In 2003, the grant program awarded about $400,000 to five Brownfields Showcase communities across the U.S. to incorporate smart growth into their planning, revitalization, and/or redevelopment efforts. Using smart growth principles in brownfield redevelopment can create greater benefits from the reuse of these infill sites, reduce demand for land for development on the urban fringe, and improve the air and water quality of the regions in which they are applied. Grant recipients emphasize projects that feature innovative community actions or successful responses to barriers to smart growth implementation and brownfields redevelopment that can be replicated in communities across the country.
City of Allegan, Michigan
EPA will provide funding for the city to conduct an intensive, two-year, citizen-based planning process. This planning will result in the development and adoption of a building code to facilitate brownfield and infill development consistent with the town's vision of stimulating investment and creating a compact, mixed-use, and pedestrian-friendly community.
City of Toledo, Ohio
The Toledo Public School System is currently financing the construction and renovation of schools at a total cost of nearly $800 million over a 12-year period. The city would like to leverage this investment and stimulate brownfield redevelopment in neighborhoods where schools are located. EPA funding will help coordinate brownfields redevelopment and school construction/renovation by providing funding that helps the city adopt a ranking system to evaluate development proposals and implement a community involvement plan.
Lancaster County, Pennsylvania
Residents and public officials envision a county where existing urban centers are major hubs of commerce and population. Current traffic and parking standards limit the county's ability to achieve this vision. EPA funding will be used to implement a Neighborhood Revitalization Strategy that promotes investment in the county's historic urban centers and changes current parking and traffic standards, thus removing barriers to smart growth and brownfield redevelopment.
Update: The county approved the Gateways Revitalization Strategy (PDF) (58 pp, 10MB) in May 2007.
The Gateway plan was created to: (a) reconnect various areas of the community through a coherent and cohesive visioning and land use plan; (b) revitalize the economic base by recycling industrial land consistent with job-producing opportunities tied to clean growth industries; (c) improve and build on infrastructure and public/private partnerships that will help attract a variety of uses needed to support residents, prospective employers, and visitors; and (d) strengthen opportunities to retain current residents and attract infill development in the form of new, mixed-use development that will enhance the sense of community.
More information about this project is on the Lancaster County Planning Commission web site for the Gateways Project.
This site includes additional project products, including case studies and ordinance change recommendations, as well as demographic and market data and analysis.

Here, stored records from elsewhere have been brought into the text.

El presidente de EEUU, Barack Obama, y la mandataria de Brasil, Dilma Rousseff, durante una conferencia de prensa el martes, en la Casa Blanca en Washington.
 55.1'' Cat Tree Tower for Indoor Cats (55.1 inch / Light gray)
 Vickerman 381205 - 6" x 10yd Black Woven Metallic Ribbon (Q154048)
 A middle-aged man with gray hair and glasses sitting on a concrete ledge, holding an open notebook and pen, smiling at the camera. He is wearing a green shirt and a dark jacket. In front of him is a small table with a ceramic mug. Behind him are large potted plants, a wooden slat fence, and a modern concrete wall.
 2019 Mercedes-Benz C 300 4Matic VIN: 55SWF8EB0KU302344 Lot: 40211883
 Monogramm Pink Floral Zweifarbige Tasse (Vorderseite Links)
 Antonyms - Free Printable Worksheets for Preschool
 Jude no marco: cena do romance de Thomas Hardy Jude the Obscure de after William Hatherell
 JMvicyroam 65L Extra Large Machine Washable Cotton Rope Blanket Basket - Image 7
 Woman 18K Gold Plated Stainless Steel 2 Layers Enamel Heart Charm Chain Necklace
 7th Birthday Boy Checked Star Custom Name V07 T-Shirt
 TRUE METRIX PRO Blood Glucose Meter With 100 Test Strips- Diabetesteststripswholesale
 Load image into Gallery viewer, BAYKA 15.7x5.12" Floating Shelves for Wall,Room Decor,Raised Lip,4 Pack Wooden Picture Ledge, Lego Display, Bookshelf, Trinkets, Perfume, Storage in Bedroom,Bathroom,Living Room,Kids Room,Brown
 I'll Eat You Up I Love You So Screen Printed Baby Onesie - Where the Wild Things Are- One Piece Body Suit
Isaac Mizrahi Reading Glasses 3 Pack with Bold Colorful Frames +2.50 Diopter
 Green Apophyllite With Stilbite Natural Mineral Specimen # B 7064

City of Emeryville, California
The city is committed to expanding housing and transportation choices and creating a distinctive and attractive community through brownfield redevelopment. Concerns about groundwater contamination, incompatibility of land uses, traffic congestion, and density have curtailed brownfield redevelopment. EPA funding will help Emeryville address these concerns by supporting development and implementation of guidelines to minimize stormwater runoff and groundwater contamination; coordinating land use changes with current parking supply and transportation options; and promoting human-scale, pedestrian-friendly, mixed-use development.
Update: The city adopted these guidelines in December 2005. Click here to read more about Emeryville's Stormwater Guidelines for Green, Dense Redevelopment.
Downriver Community Conference in Southgate, Michigan
The funding will help develop a tool for certifying communities in the Detroit region as being "smart growth ready." Communities that meet best practices in site plan approval, RFP/RFQs, land assembly, title clearance, and inter-agency coordination will be certified as "smart growth ready." This certification will help stimulate private sector interest and increase demand for brownfield redevelopment.